• [TRY IT]: Exact repetition of a range: find the line containing "2024 Chery Tiggo 8L с пробегом 22 000 км" and the line containing "ראש הממשלה, בנימין" in the material below, then repeat both and all lines between them, leaving pictures out.

• [DATASET]:
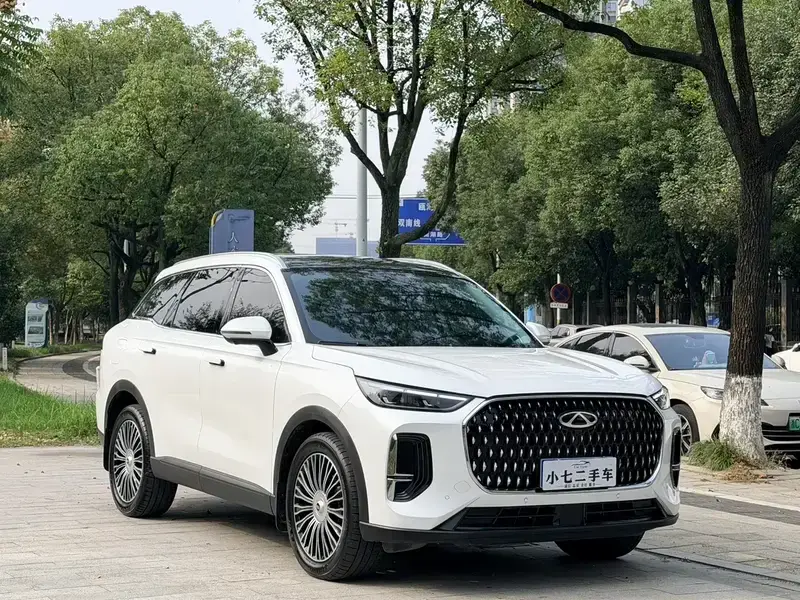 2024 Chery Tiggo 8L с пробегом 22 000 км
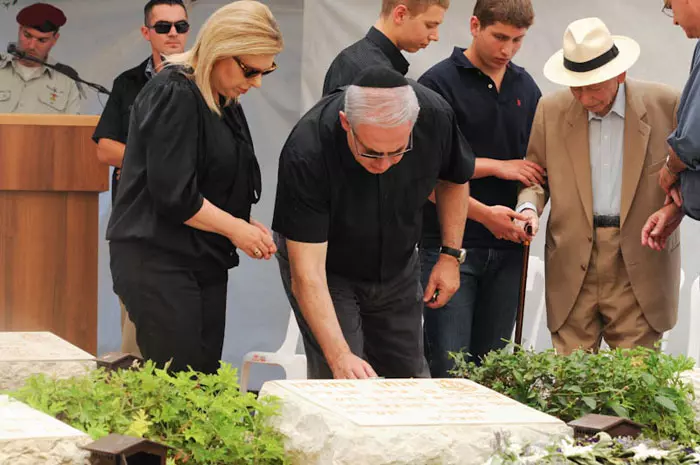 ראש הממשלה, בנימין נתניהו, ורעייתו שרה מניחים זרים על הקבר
--
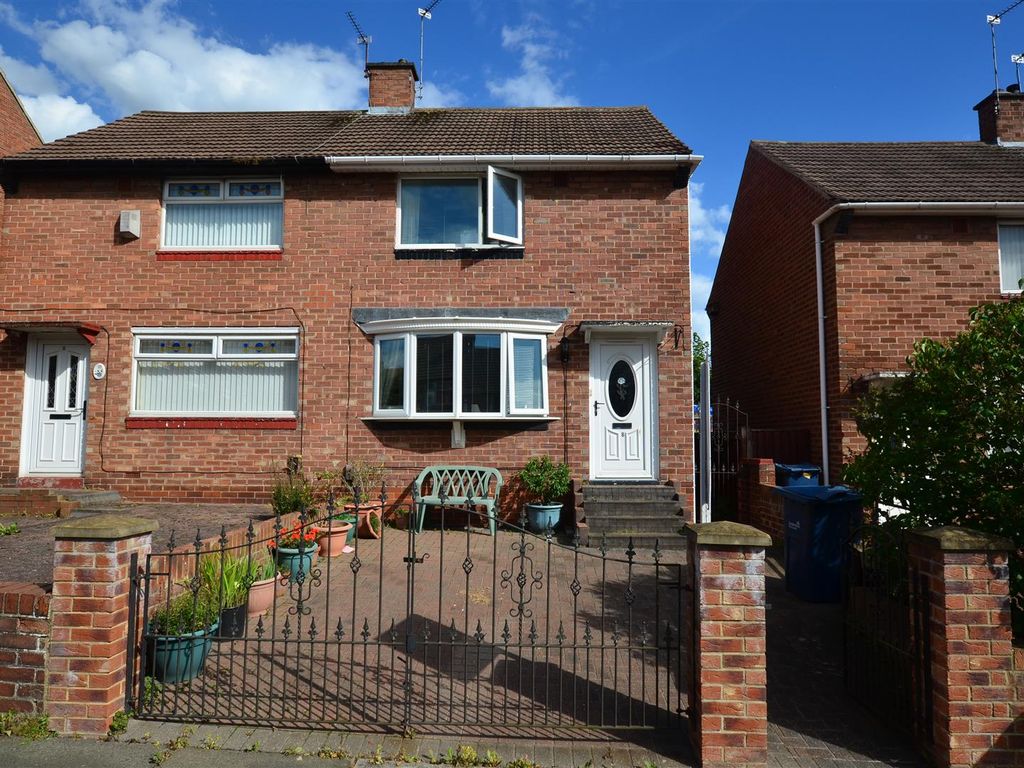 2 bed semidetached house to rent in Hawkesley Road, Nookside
...
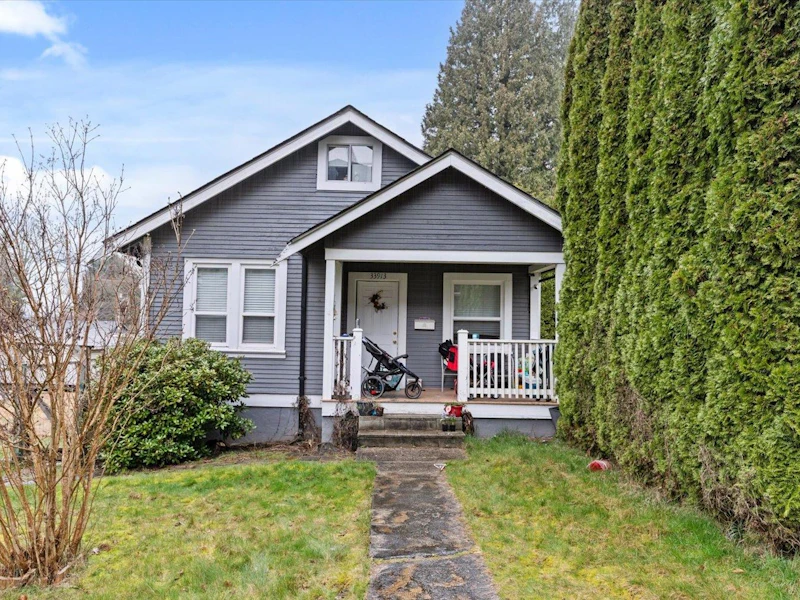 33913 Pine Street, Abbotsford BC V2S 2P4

• [TASK SOLUTION]:
 2024 Chery Tiggo 8L с пробегом 22 000 км
 ראש הממשלה, בנימין נתניהו, ורעייתו שרה מניחים זרים על הקבר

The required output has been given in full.